僕が仕事をしている愛知県とその周りでは色々な石を産出しています。
岐阜県では木曽石、美濃石、気良石、和良石
三重県では菰野石や青石、伊勢ゴロタなんてのもありますね
そして今日は愛知県の幡豆(はず)地域で産出される「幡豆石」のご紹介です。
この石は花崗岩で石の目も細かく硬いのが特徴です。
古くからお城の石垣や河川の護岸工事に使われていたそうです。
割って細かくして砕石としてぐり石としても使われています。
表面は山の中から割って出してくるので最初はうすい灰色でキリっとした印象
洋風の明るいお庭からしっとりとした和風の庭まで
産出する三河地方の庭師さんは色々なシーンで使っています。
段々と時間が経つにつれて、中の鉄分が酸化して表面に錆色が出てきます。
そうするとまた味わいが出てくる石です。
この幡豆石、実は砕石場で一つ一つ石を選んで自分でトラックに積んでいきます。
広い広い敷地に大きさごとに分けられた石が5m以上の高さで山になっているのです。
まさに「山」
石を選ぶときは上の方まで登って行って、良い石があれば下に転がし
ある程度選び終わったら下に転がした石をトラックに積み込む、
なんて作業の繰り返しです。
時々
「この石採ったら、ガラガラっと雪崩のようにくずれて・・・・・」
なんて想像してちょっと体がギュってなったり
でも、この石を選ぶ作業もなかなか楽しい。
砕石場は周りが山に囲まれていて、
場内は時々トラックや大きなペイ(石を積んでくれる機械です)が通る時以外は静か
全体の雰囲気としては仮面ノリダーのオープニングで爆発シーンで使われそうな場所
きっとこういう砕石場などの跡地でロケをしていたんだろうなぁ
なんて想像してみたり。
目的によって石を敷く場合、積む場合がありますが、
それによって選び方が違ってきます
石を敷く場合でも、人が歩くためのものでモルタルを使って敷き込む場合、
駐車場でクルマが乗っても良いような厚みが必要なとき、草目地にするときなどなど、
石を積むときには後ろにコンクリートを入れる場合と
後ろに砕石を入れて突き固める場合があり
それによっても選ぶべき石が変わってきます。
そのため自分の「目」も鍛えられる場所でもあります。
その日の体調や気分にによって
「今日は良い石がなかなか見つからない・・・」とか
持って帰ってきて使っていると
「ずいぶん良い石を選んできたな、オレ。

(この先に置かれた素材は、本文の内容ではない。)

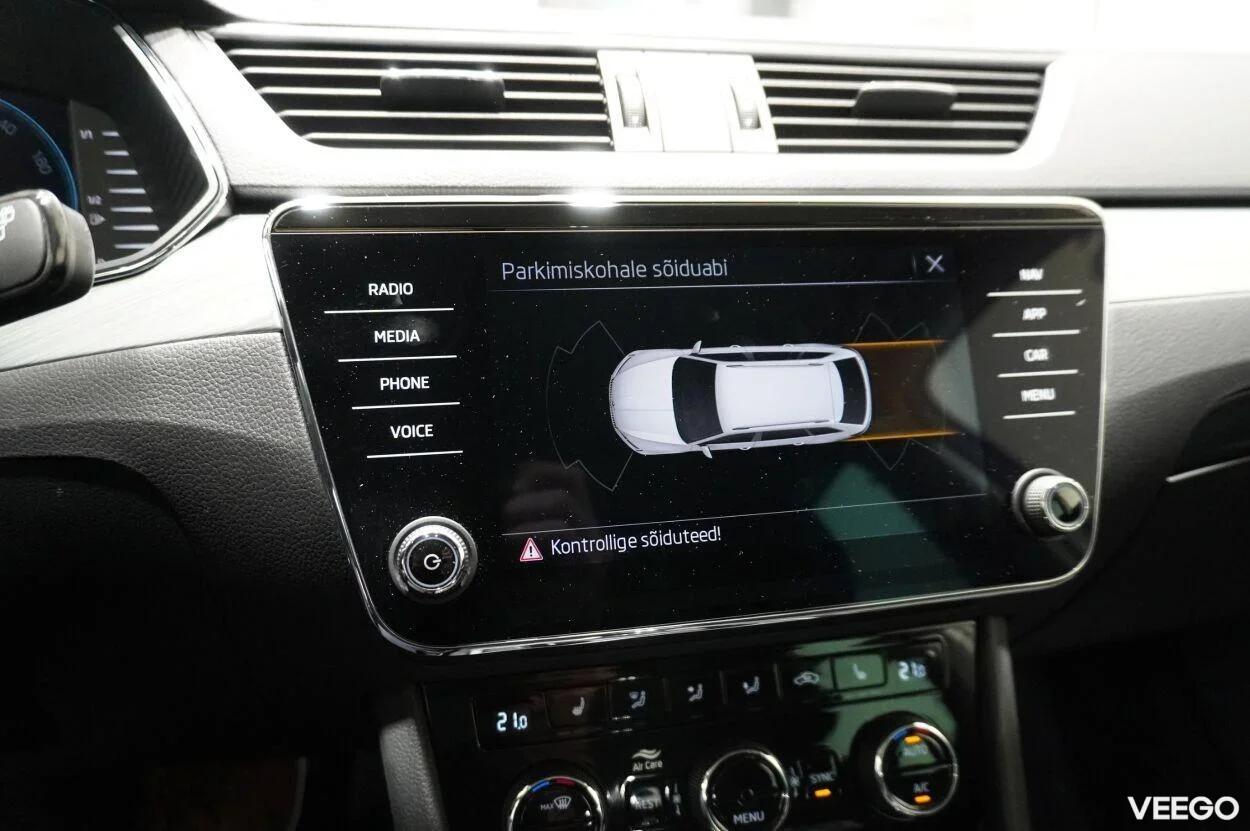 Skoda Superb AMBITION COMBI 1.5 110kW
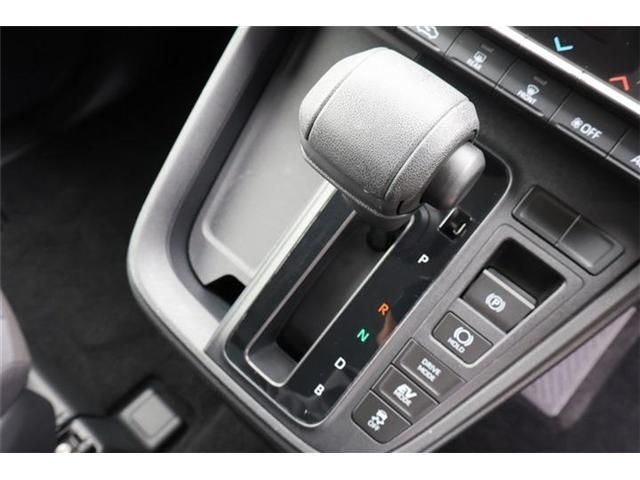 TOYOTA NOAH HYBRID 4WD 2022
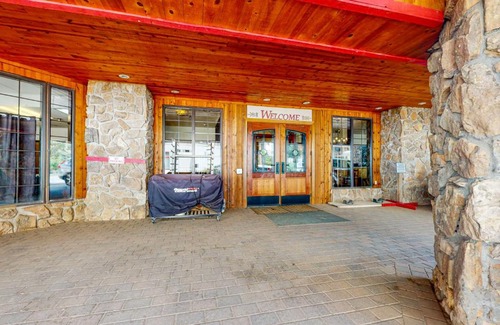Taos Ski Valley Apartment | Majestic Alpine Retreat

才能ある?」
なんてうぬぼれちゃう時も。
一番困る時。
それは、たまに同業者が同じ目的で石を大量に選んで
持って行った後に行ってしまったとき。
石が・・・・
無い。
探しても探しても無い。
「ずいぶん良い石を選んでいきやがったな、才能あるヤツだな?」
っと、うらめしく石の山をながめる自分。
これ、実は同業者の間での「幡豆石あるある」なんです。